Sound — 6
M.I.A. is the stage name for the British rapper of Sri Lankan heritage Mathangi Arulpragasam. She burst onto the scene in 2005 with the largely self-written and produced album "Arular," which won praise from critics for its mixture of genres and biting political lyrics. The album reached #3 on the Billboard electronic albums chart and made it onto the main album charts for the UK and USA.
Ever since, her albums have continuously hit the top 40 of the USA's Billboard 200 chart, though not one has cracked the top 5. In July, M.I.A. told BBC Radio that this would be her last album, though some doubt that she is really shutting the door on her career for good.
If this indeed is her last album, it will not go down in history as a sort of grand finale.
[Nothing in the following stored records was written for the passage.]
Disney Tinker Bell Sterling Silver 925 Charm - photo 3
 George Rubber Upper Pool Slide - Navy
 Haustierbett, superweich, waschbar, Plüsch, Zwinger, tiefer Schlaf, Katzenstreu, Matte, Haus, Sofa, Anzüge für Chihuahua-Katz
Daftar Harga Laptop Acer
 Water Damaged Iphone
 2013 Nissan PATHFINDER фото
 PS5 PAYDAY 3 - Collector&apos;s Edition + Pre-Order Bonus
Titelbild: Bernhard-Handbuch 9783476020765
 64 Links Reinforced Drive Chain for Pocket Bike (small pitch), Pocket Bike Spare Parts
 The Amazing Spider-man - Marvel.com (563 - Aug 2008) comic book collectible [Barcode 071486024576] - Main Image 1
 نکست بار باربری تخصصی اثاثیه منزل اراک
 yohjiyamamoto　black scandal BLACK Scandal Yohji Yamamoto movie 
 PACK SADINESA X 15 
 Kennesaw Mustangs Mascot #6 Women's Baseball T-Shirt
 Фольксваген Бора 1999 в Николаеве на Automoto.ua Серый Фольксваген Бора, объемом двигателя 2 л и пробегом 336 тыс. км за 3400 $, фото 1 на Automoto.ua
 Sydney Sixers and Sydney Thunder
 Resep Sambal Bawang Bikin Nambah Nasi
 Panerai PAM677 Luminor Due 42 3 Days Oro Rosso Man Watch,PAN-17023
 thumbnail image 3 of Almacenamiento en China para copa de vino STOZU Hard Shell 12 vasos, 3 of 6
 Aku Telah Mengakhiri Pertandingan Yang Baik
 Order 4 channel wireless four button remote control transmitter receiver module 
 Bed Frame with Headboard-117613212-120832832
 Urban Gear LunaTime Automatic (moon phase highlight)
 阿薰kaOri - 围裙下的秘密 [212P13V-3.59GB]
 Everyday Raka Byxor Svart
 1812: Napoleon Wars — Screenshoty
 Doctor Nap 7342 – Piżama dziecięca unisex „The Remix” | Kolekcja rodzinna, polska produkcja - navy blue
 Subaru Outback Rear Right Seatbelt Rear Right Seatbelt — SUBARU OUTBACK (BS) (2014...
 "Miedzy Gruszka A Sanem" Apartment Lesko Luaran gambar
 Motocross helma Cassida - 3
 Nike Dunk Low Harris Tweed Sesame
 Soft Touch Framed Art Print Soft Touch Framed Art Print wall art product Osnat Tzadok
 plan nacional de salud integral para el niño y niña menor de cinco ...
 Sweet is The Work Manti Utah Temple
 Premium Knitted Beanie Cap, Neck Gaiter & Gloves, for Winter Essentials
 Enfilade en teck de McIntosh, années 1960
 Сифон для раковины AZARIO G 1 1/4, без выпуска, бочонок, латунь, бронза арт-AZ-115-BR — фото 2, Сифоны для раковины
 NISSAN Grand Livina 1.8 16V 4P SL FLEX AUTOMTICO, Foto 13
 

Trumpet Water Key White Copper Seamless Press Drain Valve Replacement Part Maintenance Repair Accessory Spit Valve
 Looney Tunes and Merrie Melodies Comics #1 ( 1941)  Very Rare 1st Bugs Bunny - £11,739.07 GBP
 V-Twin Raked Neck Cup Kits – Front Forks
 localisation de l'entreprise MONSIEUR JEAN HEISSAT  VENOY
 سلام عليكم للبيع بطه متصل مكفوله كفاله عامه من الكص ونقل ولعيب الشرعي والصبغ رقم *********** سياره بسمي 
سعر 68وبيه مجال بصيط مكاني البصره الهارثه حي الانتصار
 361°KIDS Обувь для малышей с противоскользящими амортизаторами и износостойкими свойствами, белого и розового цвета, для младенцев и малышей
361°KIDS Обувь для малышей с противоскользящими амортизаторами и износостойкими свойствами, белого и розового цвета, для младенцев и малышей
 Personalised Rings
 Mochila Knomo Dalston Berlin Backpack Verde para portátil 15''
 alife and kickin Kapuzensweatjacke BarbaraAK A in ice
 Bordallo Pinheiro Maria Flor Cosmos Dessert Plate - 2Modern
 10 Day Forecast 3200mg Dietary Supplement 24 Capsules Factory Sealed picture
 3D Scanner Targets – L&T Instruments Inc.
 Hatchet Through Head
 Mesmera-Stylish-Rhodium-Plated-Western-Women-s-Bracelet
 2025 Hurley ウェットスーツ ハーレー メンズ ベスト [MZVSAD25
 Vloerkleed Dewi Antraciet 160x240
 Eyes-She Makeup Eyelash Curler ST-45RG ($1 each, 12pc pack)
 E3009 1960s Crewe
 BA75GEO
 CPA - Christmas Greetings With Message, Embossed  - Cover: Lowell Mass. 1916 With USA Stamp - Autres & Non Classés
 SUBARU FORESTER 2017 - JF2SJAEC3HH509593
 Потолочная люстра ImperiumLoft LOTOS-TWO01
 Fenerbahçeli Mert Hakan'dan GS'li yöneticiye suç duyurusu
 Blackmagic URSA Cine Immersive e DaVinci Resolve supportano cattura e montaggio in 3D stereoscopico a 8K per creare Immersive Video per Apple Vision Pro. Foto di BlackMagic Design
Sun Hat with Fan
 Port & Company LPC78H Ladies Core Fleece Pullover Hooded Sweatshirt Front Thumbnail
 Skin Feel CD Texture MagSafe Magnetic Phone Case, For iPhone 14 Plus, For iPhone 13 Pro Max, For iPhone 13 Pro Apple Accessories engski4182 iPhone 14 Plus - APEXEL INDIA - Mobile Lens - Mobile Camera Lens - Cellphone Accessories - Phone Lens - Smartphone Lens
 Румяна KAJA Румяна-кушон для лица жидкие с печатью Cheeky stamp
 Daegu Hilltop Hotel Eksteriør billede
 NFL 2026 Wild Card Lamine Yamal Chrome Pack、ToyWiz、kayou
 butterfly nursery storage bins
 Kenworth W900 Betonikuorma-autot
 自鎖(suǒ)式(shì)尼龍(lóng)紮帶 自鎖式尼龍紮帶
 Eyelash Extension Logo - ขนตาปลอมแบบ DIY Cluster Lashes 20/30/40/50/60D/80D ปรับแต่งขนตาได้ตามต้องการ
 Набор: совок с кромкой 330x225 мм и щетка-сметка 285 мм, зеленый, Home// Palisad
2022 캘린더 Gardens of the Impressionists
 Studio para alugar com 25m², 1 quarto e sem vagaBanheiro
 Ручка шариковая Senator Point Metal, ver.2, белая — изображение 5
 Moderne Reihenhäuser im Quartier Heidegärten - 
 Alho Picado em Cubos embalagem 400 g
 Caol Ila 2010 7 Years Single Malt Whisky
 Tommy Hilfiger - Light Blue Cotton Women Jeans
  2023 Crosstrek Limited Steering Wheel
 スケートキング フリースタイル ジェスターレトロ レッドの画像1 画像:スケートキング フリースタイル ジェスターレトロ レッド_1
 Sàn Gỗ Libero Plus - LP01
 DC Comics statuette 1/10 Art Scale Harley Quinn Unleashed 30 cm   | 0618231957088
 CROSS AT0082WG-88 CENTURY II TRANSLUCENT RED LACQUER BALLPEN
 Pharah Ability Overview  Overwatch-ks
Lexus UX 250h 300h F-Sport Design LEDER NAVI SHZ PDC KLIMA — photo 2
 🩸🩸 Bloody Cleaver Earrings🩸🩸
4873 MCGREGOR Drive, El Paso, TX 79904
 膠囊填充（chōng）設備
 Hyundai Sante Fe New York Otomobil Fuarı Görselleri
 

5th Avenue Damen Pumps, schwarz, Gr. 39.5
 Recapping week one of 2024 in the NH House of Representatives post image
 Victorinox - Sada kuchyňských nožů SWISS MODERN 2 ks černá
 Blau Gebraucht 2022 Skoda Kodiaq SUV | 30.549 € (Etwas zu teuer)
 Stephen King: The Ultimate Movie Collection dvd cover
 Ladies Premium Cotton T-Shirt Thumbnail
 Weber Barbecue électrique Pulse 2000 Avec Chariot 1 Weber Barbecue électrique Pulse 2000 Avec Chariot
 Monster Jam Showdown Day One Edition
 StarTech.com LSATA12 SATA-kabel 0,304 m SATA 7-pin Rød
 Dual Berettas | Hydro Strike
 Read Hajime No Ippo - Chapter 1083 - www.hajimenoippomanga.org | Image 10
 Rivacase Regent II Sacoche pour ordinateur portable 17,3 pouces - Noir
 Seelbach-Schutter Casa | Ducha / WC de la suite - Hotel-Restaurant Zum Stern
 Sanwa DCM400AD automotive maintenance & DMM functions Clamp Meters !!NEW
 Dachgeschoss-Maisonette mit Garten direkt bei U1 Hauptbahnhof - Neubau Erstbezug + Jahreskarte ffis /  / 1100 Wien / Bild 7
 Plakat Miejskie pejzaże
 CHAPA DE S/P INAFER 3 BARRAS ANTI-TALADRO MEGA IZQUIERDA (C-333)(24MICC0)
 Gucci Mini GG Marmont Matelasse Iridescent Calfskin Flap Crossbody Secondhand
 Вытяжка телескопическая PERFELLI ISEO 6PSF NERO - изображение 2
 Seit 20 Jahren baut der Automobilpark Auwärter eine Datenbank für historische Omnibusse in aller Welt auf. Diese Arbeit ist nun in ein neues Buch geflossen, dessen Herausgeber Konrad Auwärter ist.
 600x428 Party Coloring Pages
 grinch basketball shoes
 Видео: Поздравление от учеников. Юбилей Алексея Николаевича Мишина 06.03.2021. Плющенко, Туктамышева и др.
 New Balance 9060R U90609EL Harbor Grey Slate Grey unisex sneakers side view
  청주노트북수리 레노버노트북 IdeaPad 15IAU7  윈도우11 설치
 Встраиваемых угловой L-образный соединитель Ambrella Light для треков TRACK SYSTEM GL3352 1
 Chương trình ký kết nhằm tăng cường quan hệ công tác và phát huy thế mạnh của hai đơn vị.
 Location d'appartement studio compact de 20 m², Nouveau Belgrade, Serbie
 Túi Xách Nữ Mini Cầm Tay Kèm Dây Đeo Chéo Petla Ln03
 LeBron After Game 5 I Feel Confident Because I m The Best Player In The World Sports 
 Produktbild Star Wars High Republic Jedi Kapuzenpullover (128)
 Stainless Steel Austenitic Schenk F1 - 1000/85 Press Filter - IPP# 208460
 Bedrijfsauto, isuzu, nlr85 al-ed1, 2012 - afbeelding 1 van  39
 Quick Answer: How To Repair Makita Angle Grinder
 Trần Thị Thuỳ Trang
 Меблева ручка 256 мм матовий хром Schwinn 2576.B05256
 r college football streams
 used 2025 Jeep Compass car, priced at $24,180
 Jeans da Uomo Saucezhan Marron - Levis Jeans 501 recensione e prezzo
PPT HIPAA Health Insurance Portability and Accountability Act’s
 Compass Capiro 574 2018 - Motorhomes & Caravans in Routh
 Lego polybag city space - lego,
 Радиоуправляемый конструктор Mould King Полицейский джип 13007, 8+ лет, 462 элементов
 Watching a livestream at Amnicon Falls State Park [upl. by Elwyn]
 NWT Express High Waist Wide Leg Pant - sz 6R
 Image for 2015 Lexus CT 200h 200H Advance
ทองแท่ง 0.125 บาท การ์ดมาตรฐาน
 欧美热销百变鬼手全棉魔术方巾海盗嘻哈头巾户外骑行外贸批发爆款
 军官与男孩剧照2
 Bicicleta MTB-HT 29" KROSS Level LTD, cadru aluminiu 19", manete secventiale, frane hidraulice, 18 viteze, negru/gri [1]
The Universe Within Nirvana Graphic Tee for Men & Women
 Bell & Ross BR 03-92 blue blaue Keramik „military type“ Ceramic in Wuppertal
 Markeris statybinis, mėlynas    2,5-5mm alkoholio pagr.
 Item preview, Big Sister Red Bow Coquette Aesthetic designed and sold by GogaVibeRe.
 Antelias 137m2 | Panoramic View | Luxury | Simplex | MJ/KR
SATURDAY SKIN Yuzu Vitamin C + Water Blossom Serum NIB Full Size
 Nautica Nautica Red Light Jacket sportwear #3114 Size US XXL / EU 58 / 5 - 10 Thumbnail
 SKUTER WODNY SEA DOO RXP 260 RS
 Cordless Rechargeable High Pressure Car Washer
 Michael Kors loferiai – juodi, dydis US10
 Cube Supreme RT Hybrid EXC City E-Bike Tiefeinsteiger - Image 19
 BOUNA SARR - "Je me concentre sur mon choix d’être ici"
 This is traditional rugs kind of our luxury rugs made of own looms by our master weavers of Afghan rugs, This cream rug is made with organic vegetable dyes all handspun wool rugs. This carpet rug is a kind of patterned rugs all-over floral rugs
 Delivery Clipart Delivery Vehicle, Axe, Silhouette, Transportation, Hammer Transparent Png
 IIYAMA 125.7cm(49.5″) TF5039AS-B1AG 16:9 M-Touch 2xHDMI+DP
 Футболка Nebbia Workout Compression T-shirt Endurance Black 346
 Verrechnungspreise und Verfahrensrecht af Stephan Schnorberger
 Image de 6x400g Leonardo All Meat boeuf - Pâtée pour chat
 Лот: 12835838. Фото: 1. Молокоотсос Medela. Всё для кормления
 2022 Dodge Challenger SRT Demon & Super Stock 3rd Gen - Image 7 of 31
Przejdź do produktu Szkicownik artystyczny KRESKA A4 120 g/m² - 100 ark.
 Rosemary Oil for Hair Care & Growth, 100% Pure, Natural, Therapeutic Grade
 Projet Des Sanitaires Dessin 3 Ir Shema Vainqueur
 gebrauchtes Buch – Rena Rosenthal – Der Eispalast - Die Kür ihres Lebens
In her BBC interview, M.I.A. said, "[this album] seemed like it wrote itself very quickly. I just had to go with it."
Man, it sure sounds that way. Most of the songs revolve around eclectic sound bites that are hastily fit to rhythms and then repeated for three minutes or so. It feels like her attitude was, "That little thing sounds cool. Let's make a whole song with that." However once past this stage, it seems little else was added to the songs.
One of the singles from the album, the aptly titled "Bird Song," is one of these bizarre experiences. Here there is some melody that sounds like a bird singing that is then repeated ad nauseam while M.I.A. raps one-line, rhyming, metaphors about birds ("staying rich like an ostrich"). "Jump In" and "Fly Pirate" are two more examples of this style.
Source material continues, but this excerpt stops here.